- [Data section]:
-=-=-=-=-

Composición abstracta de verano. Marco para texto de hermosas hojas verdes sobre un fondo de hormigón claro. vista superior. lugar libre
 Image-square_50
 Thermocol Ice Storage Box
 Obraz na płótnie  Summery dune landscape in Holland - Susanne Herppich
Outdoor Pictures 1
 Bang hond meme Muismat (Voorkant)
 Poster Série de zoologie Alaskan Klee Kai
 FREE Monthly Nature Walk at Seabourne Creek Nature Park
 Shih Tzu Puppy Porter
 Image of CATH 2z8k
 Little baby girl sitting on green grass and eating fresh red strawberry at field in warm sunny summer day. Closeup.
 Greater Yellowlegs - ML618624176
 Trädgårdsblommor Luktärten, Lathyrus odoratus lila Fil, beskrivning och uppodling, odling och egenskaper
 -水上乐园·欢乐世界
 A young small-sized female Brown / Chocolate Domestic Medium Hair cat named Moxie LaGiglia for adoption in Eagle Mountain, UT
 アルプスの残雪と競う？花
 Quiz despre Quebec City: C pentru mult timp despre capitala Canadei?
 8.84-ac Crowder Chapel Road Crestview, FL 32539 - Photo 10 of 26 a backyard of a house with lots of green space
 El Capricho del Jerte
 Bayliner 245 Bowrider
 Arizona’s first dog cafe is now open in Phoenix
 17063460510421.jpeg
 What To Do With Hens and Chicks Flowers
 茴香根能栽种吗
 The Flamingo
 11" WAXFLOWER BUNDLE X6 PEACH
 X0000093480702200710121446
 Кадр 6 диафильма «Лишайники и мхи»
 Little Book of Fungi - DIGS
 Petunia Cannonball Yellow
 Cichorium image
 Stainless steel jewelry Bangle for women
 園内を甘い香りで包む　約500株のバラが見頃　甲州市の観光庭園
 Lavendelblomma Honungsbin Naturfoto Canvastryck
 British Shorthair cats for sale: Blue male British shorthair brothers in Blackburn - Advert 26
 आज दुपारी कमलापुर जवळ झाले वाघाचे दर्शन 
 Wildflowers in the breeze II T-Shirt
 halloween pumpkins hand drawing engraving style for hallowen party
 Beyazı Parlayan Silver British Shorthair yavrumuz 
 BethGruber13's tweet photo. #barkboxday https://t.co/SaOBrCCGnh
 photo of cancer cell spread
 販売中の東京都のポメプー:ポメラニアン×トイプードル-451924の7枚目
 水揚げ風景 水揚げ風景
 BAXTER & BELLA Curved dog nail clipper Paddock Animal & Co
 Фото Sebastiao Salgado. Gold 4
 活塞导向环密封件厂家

-=-=-=-=-

- [What the task asks]:
Copy exactly the line containing "BAXTER & BELLA" and every line after it, ending with the last line of the records above.

- [Your response]:
 BAXTER & BELLA Curved dog nail clipper Paddock Animal & Co
 Фото Sebastiao Salgado. Gold 4
 活塞导向环密封件厂家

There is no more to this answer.